O acervo de Rosenthal era visto na época como uma das melhores coleções privadas judaicas da Alemanha. A biblioteca era composta de seis mil volumes e uma coleção de manuscritos. Em 1880, a família decidiu que iria doar o acervo para a Universidade de Amsterdã. A família também se ofereceu para pagar um bibliotecário, o que continuou a fazer até o começo da Primeira Guerra Mundial, quando caiu na ruína financeira depois de fazer investimentos na rede de ferrovias húngara. [...] 
O acervo cresceu rapidamente depois de ir para Amsterdã, onde foi complementado com literatura sobre os judeus da Holanda. Na época da Segunda Guerra Mundial a biblioteca havia multiplicado várias vezes de tamanho. “Alguns dos colecionadores judeus de Amsterdã esconderam seus livros na Rosenthaliana na esperança de que ficassem a salvo lá. Achamos que alguns desses livros ainda estão aqui, mas não sabemos como encontrá-los”[...]


Outro local é a biblioteca da Sinagoga Portuguesa, Ets Haim (acima), fundada em 1616 e, segundo o autor, ela reflete a crise existencial enfrentada pelos judeus sefarditas depois de chegar a Amsterdã, pois muitos foram obrigados a se converter ao cristianismo, mas ao chegarem na Holanda, puderam retomar suas crenças. Tanto a Rosenthaliana quanto a Ets Haim atraíram a atenção de Johannes Pohl, encarregado de chefiar a seção judaica do Institut zur Erforschung der Judenfrage, de Roosenberg, líder ideológico nazista. 

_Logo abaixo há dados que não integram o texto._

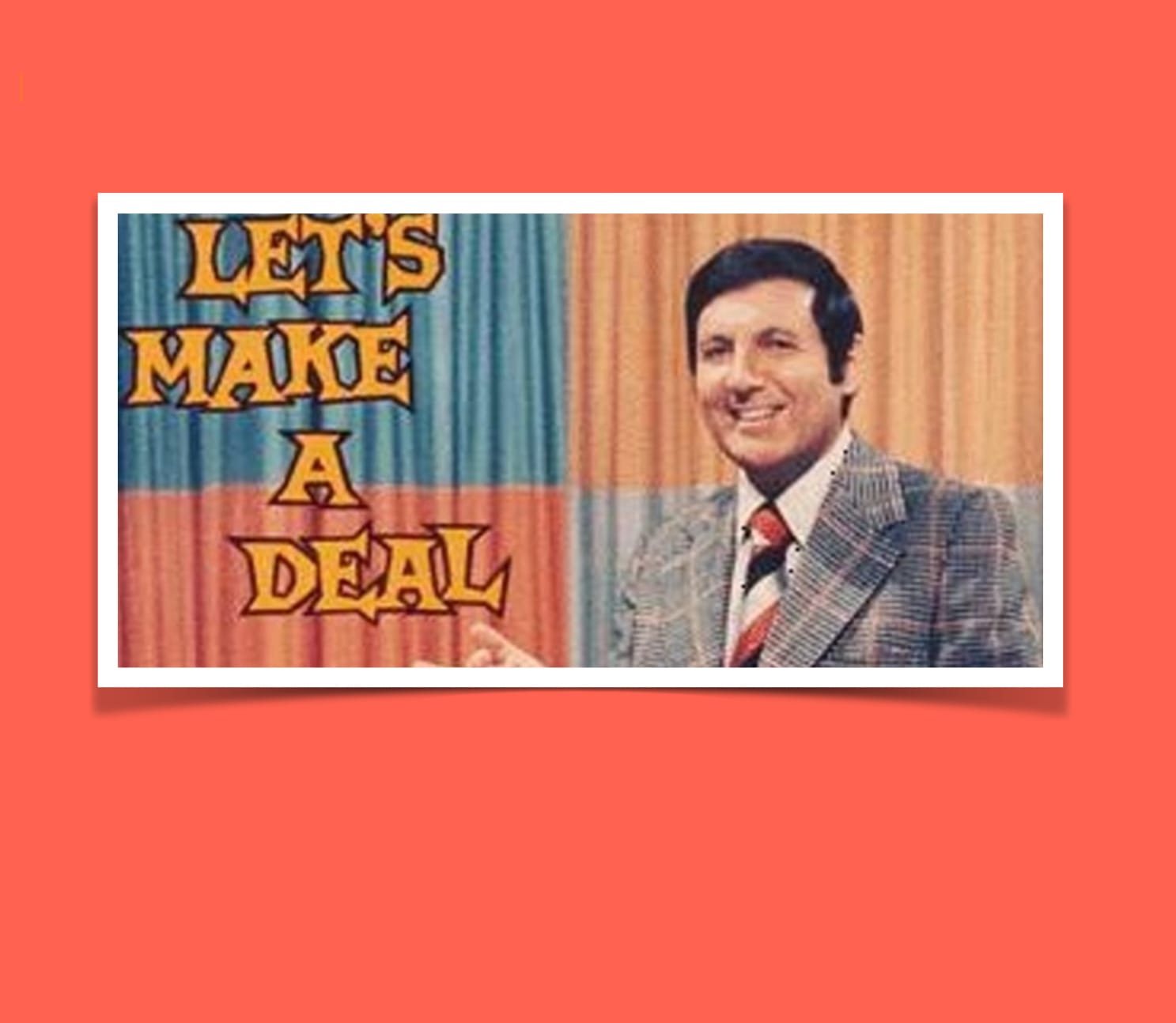 Let’s Make a Deal!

Em Paris, ele cita os saques a dois centros de história importantíssimos: a Alliance Israélite Universelle, cujos responsáveis tentaram proteger o acervo através de esconderijos em bunkers e de mandar o acervo pra longe; e a Bibliothèque Russe Tourgueniev, fundada em 1875 pelo revolucionário russo German Lopatin com a ajuda de seu compatriota, o escritor Ivan Turguêniev. E em Roma, ele fala da Biblioteca del Collegio Rabbinico Italiano , pertencente a uma escola rabínica fundada em 1829 e cuja parte mais valiosa do acervo se encontra no Centro Bibliográfico; e do sumiço da Biblioteca dela Comunità Israelitica, uma biblioteca mais antiga que fazia parte de uma sinagoga em Lungotevere de’Cenci. 

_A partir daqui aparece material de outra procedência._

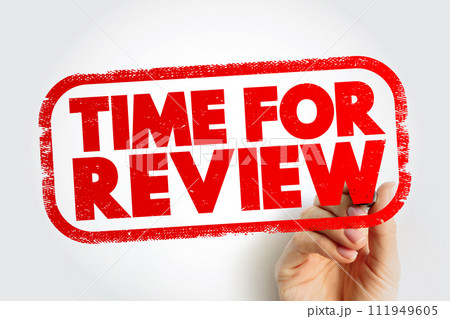Time For Review text stamp, concept background 111949605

Um dos melhores capítulos é sobre Theresienstadt (acima), a cidade guarnição que contava com uma biblioteca onde se encontrava parte dos livros saqueados, construída para parecer a cidade dada aos judeus por Hitler, onde artistas, atores, músicos, escritores e outros intelectuais eram usados como meio de propaganda, mas que na verdade era um campo de concentração. O livro vai mais adiante, ao relatar as tentativas de devolução dos livros às bibliotecas e aos sobreviventes (ou seus descendentes) do holocausto. 
Um livro que eu posso chamar de completo, informativo, elucidativo e completamente indicado para se saber mais sobre o terror que os nazistas espalharam pela Europa durante a Segunda Guerra Mundial, um terror que não deve jamais ser repetido. Mil estrelas.